_WORK INSTRUCTION_
In the entries below, find the line with "Grass Tree (Xanthorrhoea johnsonii)" and the line with "Corizus hyoscyami", then retype both and everything between them exactly. Do not copy the pictures.

_RECORDS FOR THIS TASK_
========================================

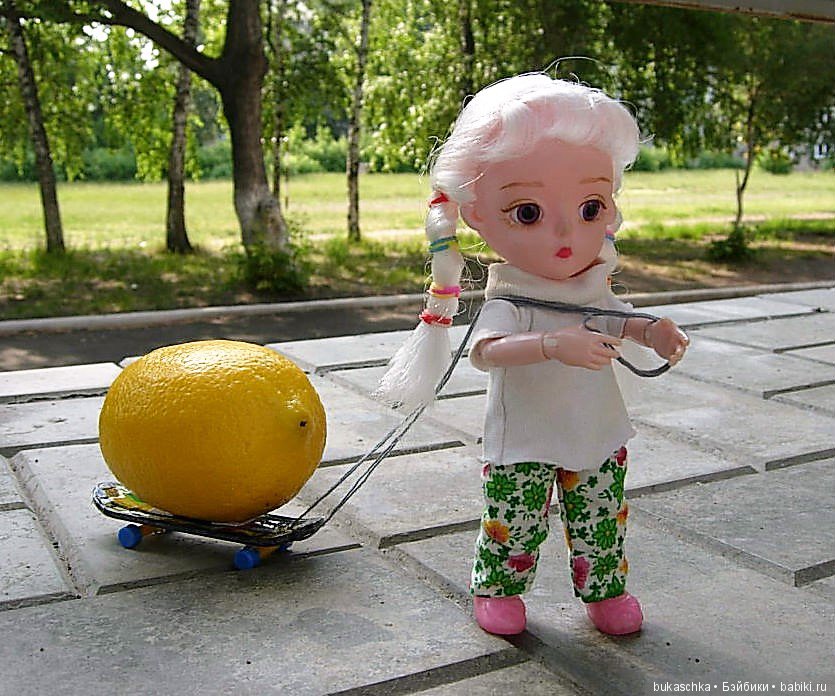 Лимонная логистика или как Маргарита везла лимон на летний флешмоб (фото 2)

========================================

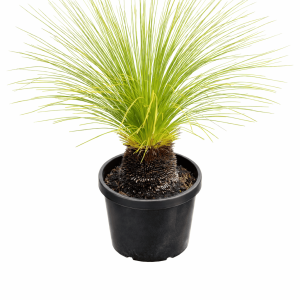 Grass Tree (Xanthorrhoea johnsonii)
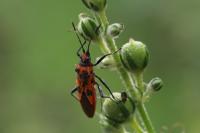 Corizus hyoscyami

========================================

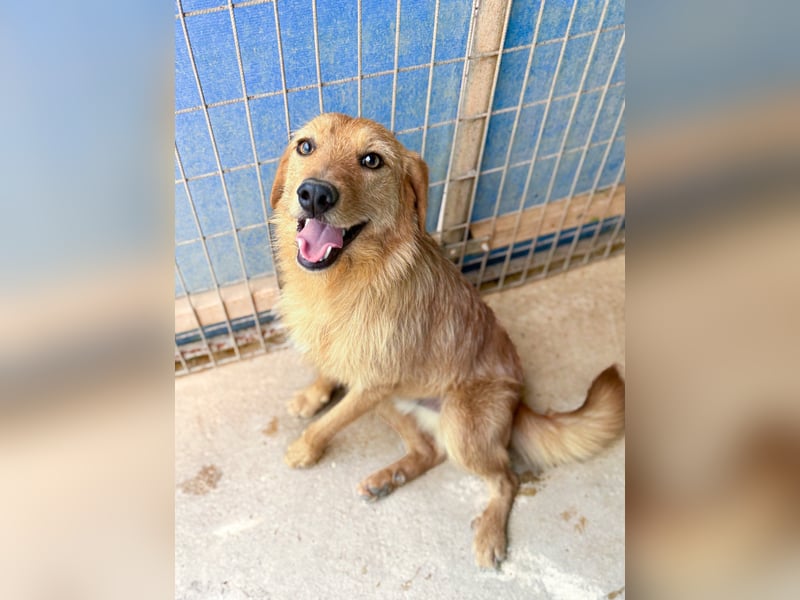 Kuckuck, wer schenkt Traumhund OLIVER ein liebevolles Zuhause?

========================================

_RESPONSE AREA_
 Grass Tree (Xanthorrhoea johnsonii)
 Corizus hyoscyami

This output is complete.